Che fra un anno esatto, pensavo, anche io sarò così.

 

Poi le nuvolette celesti si sono trasformate in grosse e pesanti nuvoloni in tempesta. Il cinguettio è andato in vacca e il torrentello si è gonfiato in uno spaventoso tsunami.

Come in un crudelesortilegio, CuginaGranFiga è mutata in CuginaSfattaMolliccia, la bimba di 4 anni nella PerrfidaStrega e la New Entry nell’indemoniata posseduta.

“Io-non-ce-la-faccio-più!” ripeteva afona Cugina con gli occhi vitrei e la bocca tremante.
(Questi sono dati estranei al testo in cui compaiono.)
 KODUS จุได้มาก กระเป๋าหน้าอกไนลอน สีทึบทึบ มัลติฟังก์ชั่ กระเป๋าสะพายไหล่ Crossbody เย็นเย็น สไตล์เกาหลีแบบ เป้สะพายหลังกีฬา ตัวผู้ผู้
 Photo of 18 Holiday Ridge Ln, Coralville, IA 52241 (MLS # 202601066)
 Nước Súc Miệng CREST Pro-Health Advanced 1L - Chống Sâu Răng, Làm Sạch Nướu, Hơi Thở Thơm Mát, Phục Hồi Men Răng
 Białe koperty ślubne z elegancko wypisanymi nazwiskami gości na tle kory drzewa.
Ho smesso di toccarmi la pancia e ho pensato che come national geographic non era granché.

Meglio cambiare canale.

Magari cerco un documentario sui viaggi verso lontane ed esotiche mete.
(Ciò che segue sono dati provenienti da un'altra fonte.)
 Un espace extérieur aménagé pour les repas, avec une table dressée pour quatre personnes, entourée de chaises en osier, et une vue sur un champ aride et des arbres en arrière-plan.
Forse faccio ancora in tempo.

6 pensieri su “Ho contemplato il mio futuro

  1. Ma noooooo vedrai che non sarà sempre così! Te lo dico con cognizione di causa…
    Certo ci sono giorni in cui uno lo stamperei sul muro a forza di sentirgli sempre dire no, mentre l’altro lo mollerei in braccio al primo che passa da quanto pesa (e sta sicura che questi eventi capitano sempreeeee nello stesso momento,neanche si mettessero d’accordo) ma i momenti in cui invece gira tutto dritto sono molti di più

    Fidati! 🙂

  2. statisticamente se hai un figlio scalmanato, l’altro dovrebbe essere un angioletto, come dire… madre natura cerca di ridurre gli infanticidi. Ovviamente c’è l’eccezione che conferma la regola. Comunque… cosa volevo dire… i momenti bui ci saranno e ci sono anche a casa di cuginagranfiga solo che ovviamente non te lo viene a dire. Forza e coraggio!

  3. Non ci pensare. Non ci pensare. Quando starai disperata, chiama la tua pellona che ti fa fare due risate. Che qui il primo anno è stato durissimo, ma non te lo dico.